I'm such a bum but I don't take Harry to the beach. It's so much work with all the sand and everything I've just been a bum about it and now it's too cold to go. The beach isn't going anywhere so maybe we'll take him soon. 

I do know that he can swim because he's gone swimming at his breeder's house in her pool. He loves the water. As soon as the hose is on he's jumping around and trying to get his gallon of water in the mouth. Silly thing.


----------



## jak (Aug 15, 2009)

When we got Saffy at 3 1/2, I don't think she'd ever been in water ever, other than to be groomed.
So we took her to the beach, and she didn't want to get in, but did when we enticed her in, that's where good recall is handy, especially if they know they have to not matter what. She would sort of jump in like a lamb not wanting to be in there, then run out and shake all over.
I guess what I'm trying to say, is just make it fun.
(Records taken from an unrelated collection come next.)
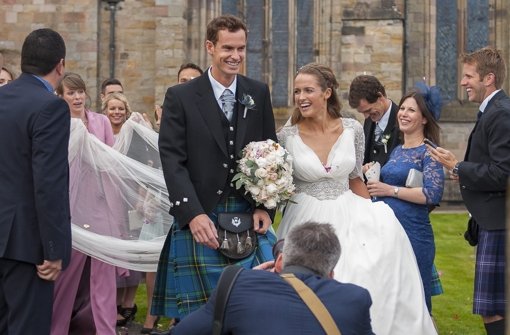 Der schottische Tennisstar Andy Murray hat am Samstag seine Freundin Kim Sears geheiratet - ganz traditionell im Schottenrock. Foto: EPA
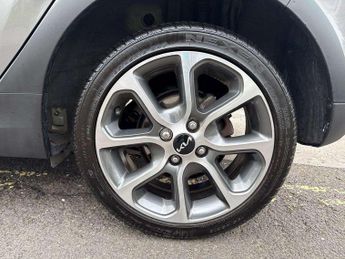 Kia Picanto 1.0 X-Line S 5dr Auto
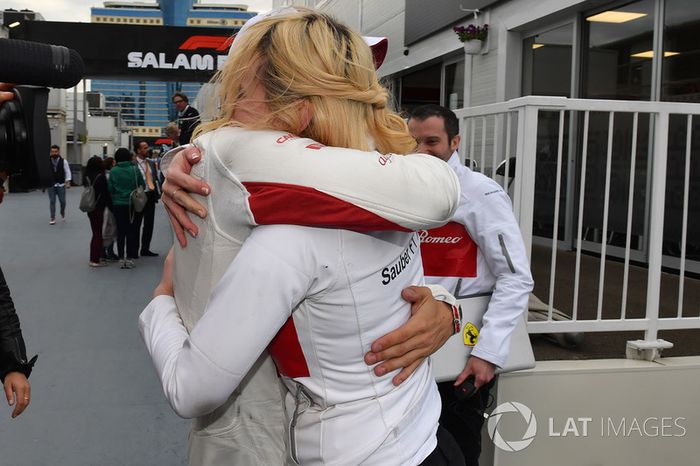 Charles Leclerc, Sauber celebra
And when we went camping beside a river for a week last summer (christmas), she was at first hesitant and would only go in briefly. But when she saw how much fun we were having, on the last day, she voluntary went in by herself, cos she figured it'd be fun too!

So, I can't wait until next summer when we go again.


----------



## Poodle Lover (Mar 24, 2008)

My guys love, love, love the beach and fetching the ball out of the water is Romeo's favorite, but he doesn't like the deep water. If he can't feel the bottom he won't swim. lol That's where Brandy comes in, she is my swimmer (who usually doesn't fetch a ball) and when the ball in thrown into the water too far, I just tell her to save the ball and she swims out to save it. She will only bring it to the place where Romeo is waiting in the shallow end and immediately drop it for him. They are quite a team.


----------



## Purple Poodle (May 5, 2008)

I have yet to take Tuesday to the lake but she did swim at the peoples home I git her from in their pond.

Cher LOVES the water! In the summer we have a kiddy pool set up for my sisters kids and Cher hops right in! Even when it rains she runs through the puddles.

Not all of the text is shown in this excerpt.